Face à Nicolas Sarkozy, la socialiste française Martine Aubry a promis jeudi un pacte pour la présidentielle de 2012 entre les ténors de son parti, dont le patron du FMI Dominique Strauss-Kahn, au risque de vider de sa substance le projet de primaires à «l'américaine».

«Nous proposerons une candidature véritablement ensemble, c'est-à-dire pas l'un contre l'autre ou l'une contre l'autre», a-t-elle affirmé dans plusieurs médias. Outre elle-même et Dominique Strauss-Kahn, l'entente inclut Ségolène Royal, candidate malheureuse en 2007 et toujours opposante pugnace à Nicolas Sarkozy.

Martine Aubry cherche avant tout à éviter les divisions et les déchirements sur la question du candidat, alors qu'à droite le président français vient de remanier son gouvernement dans le but de préparer l'échéance du printemps 2012.

Les socialistes sont suspendus à la décision du patron du Fonds monétaire international (FMI). Auréolé du prestige d'une institution au coeur de la gestion de la crise financière, Dominique Strauss-Kahn, qui s'en tient à son devoir de réserve, refuse de dévoiler d'éventuelles ambitions nationales.

De passage à Paris à la mi-novembre, il s'est dit «touché» par les sondages qui lui prédisent une victoire écrasante.

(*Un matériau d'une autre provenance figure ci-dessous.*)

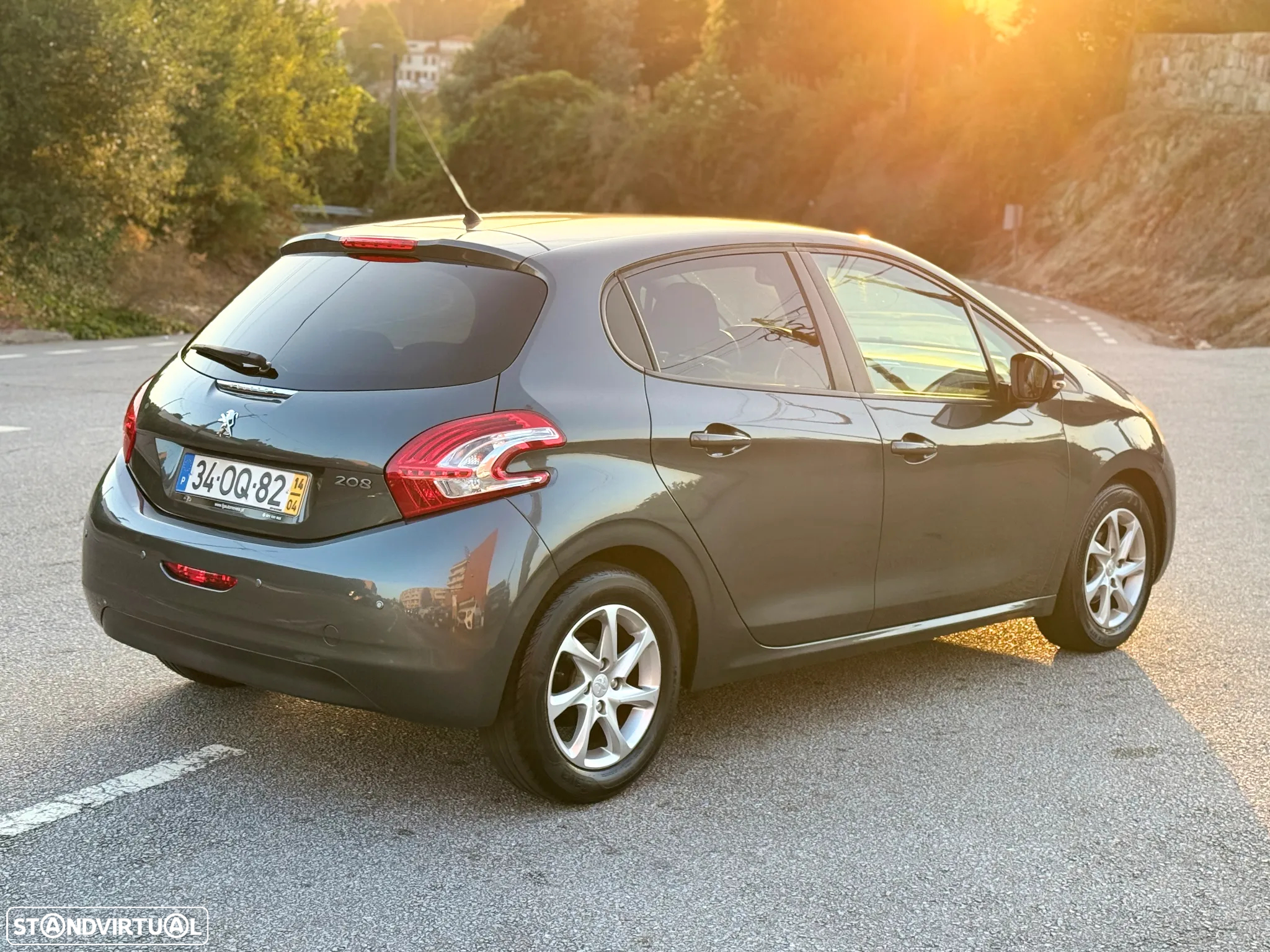 Peugeot 208 1.2 VTi SE Style - 14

Si un second tour d'élection se disputait maintenant, il obtiendrait jusqu'à 62% des voix contre 38% à Nicolas Sarkozy, selon plusieurs enquêtes publiées ces derniers jours. Pour Martine Aubry et Ségolène Royal, la partie serait très serrée.

L'ancien ministre des Finances de 61 ans souffle le chaud et le froid et joue avec les nerfs de ses camarades du parti socialiste (PS).

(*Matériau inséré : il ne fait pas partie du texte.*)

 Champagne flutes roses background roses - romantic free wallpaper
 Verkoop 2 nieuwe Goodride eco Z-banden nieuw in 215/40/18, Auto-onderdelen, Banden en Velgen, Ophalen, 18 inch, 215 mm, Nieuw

La presse spéculait jeudi sur le sens d'une interview accordée à l'hebdomadaire allemand Stern dans laquelle M. Strauss-Kahn déclare vouloir aller jusqu'à la fin de son mandat au FMI. «Et la fin, c'est 2012», dit-il. Plus précisément, l'automne 2012, alors que l'élection présidentielle est prévue pour le printemps.

Plusieurs de ses partisans ont cependant prévenu qu'il ne fallait pas tirer de déductions trop hâtives de ces déclarations. «À mon avis, il va y aller, il est en train d'y aller», a ainsi assuré le maire de Lyon, Gérard Collomb.

Mais le pacte de non-agression entre trois poids lourds décrit par Martine Aubry fait peser un doute sérieux sur le projet de primaires à l'américaine échafaudé par les socialistes.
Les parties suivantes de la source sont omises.